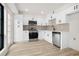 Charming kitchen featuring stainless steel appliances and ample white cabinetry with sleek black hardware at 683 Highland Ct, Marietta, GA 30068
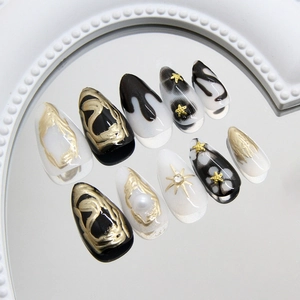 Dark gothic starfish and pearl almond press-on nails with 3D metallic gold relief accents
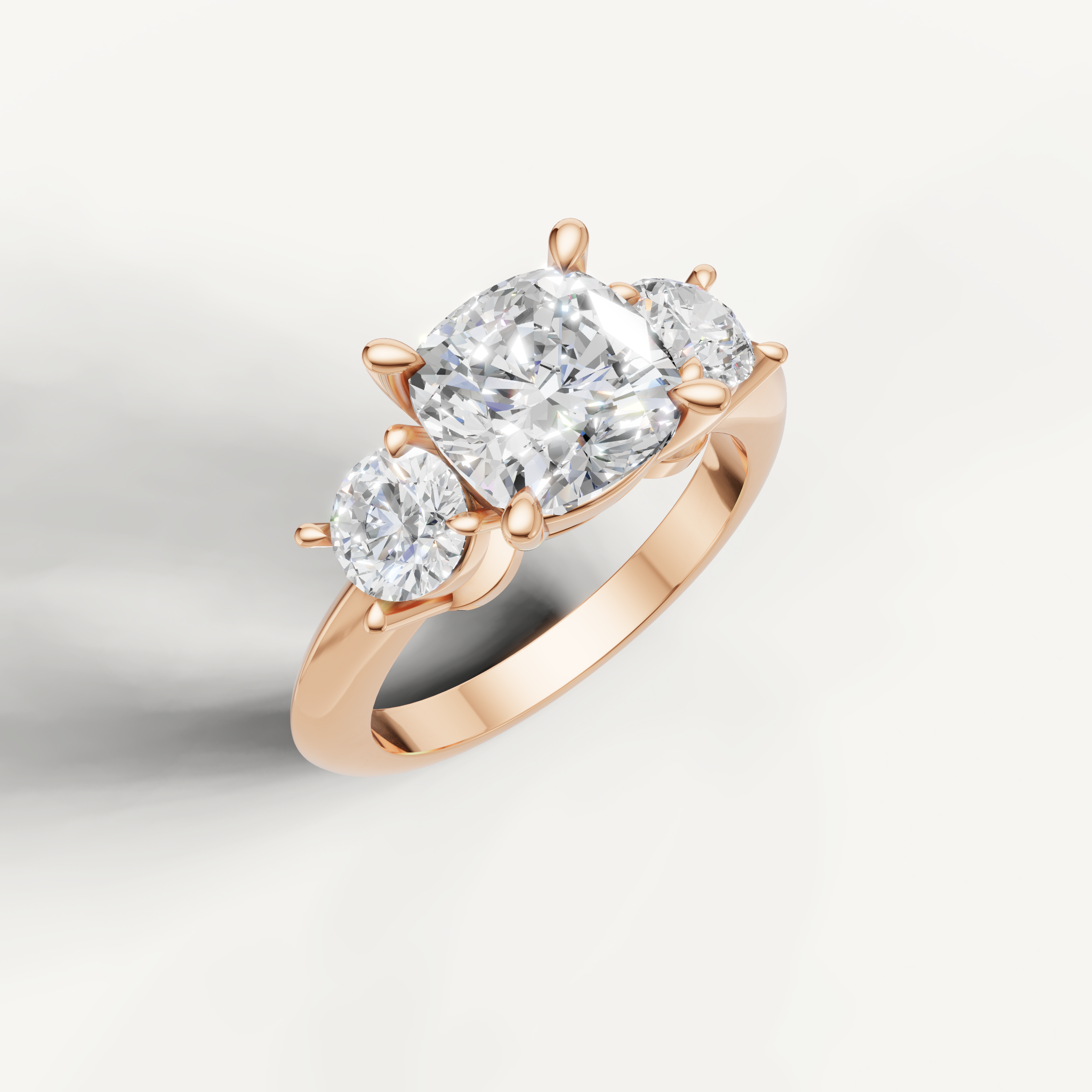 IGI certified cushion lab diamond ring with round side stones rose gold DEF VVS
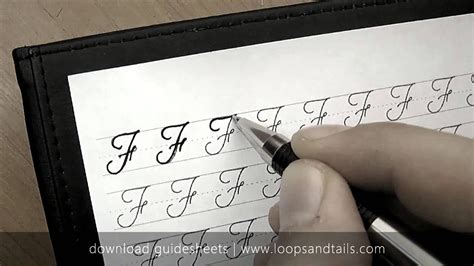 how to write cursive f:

§ What you will do
The listing above must be given again exactly, minus its pictures.

§ Output of the exercise
 Charming kitchen featuring stainless steel appliances and ample white cabinetry with sleek black hardware at 683 Highland Ct, Marietta, GA 30068
 Dark gothic starfish and pearl almond press-on nails with 3D metallic gold relief accents
 IGI certified cushion lab diamond ring with round side stones rose gold DEF VVS
 how to write cursive f:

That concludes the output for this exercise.